Your response should consist of the entire listing, transcribed exactly, with every image left out.
GIVEN DATA Start Marker
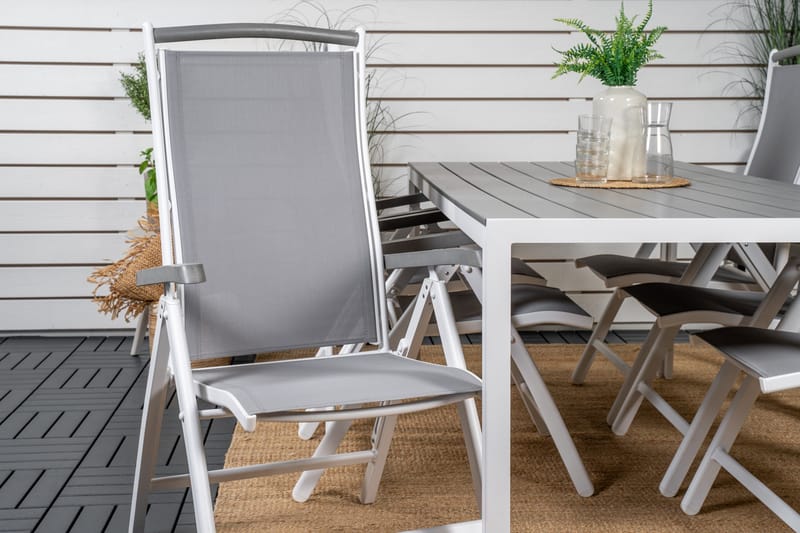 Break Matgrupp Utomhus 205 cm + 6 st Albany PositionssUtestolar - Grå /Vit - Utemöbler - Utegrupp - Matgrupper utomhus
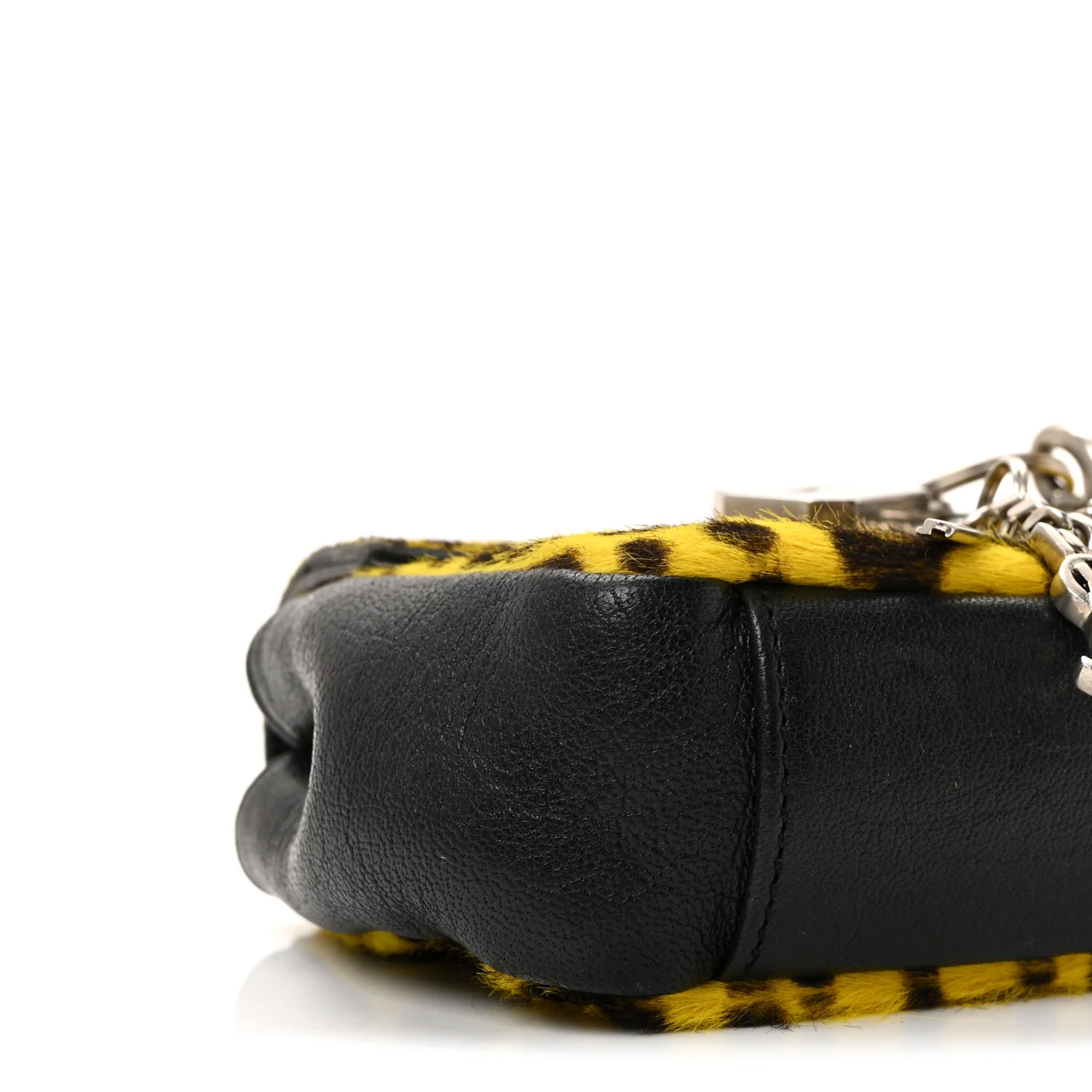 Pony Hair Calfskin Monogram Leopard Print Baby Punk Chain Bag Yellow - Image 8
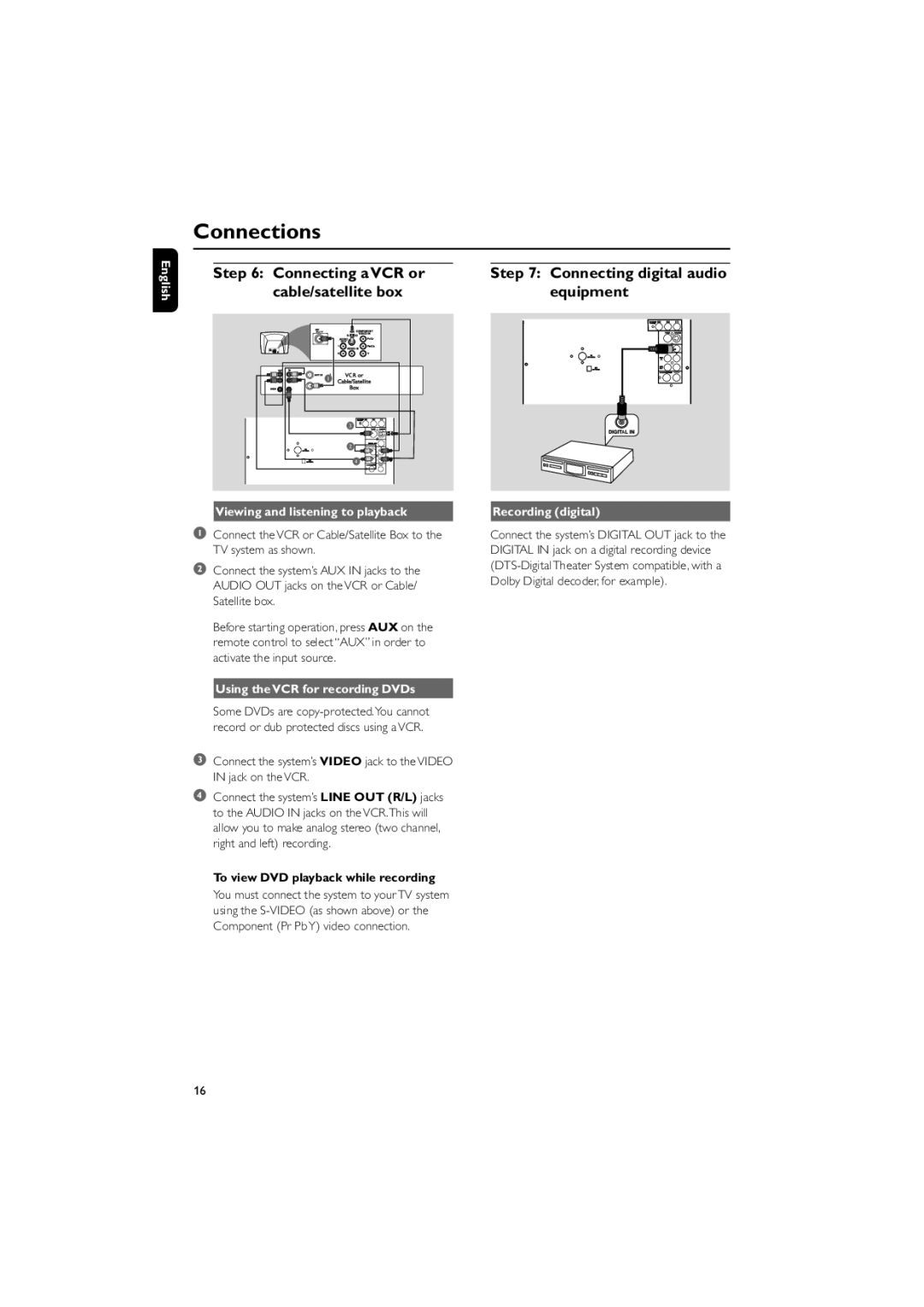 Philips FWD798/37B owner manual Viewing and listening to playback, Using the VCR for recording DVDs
GIVEN DATA End Marker
- TASK SOLUTION
 Break Matgrupp Utomhus 205 cm + 6 st Albany PositionssUtestolar - Grå /Vit - Utemöbler - Utegrupp - Matgrupper utomhus
 Pony Hair Calfskin Monogram Leopard Print Baby Punk Chain Bag Yellow - Image 8
 Philips FWD798/37B owner manual Viewing and listening to playback, Using the VCR for recording DVDs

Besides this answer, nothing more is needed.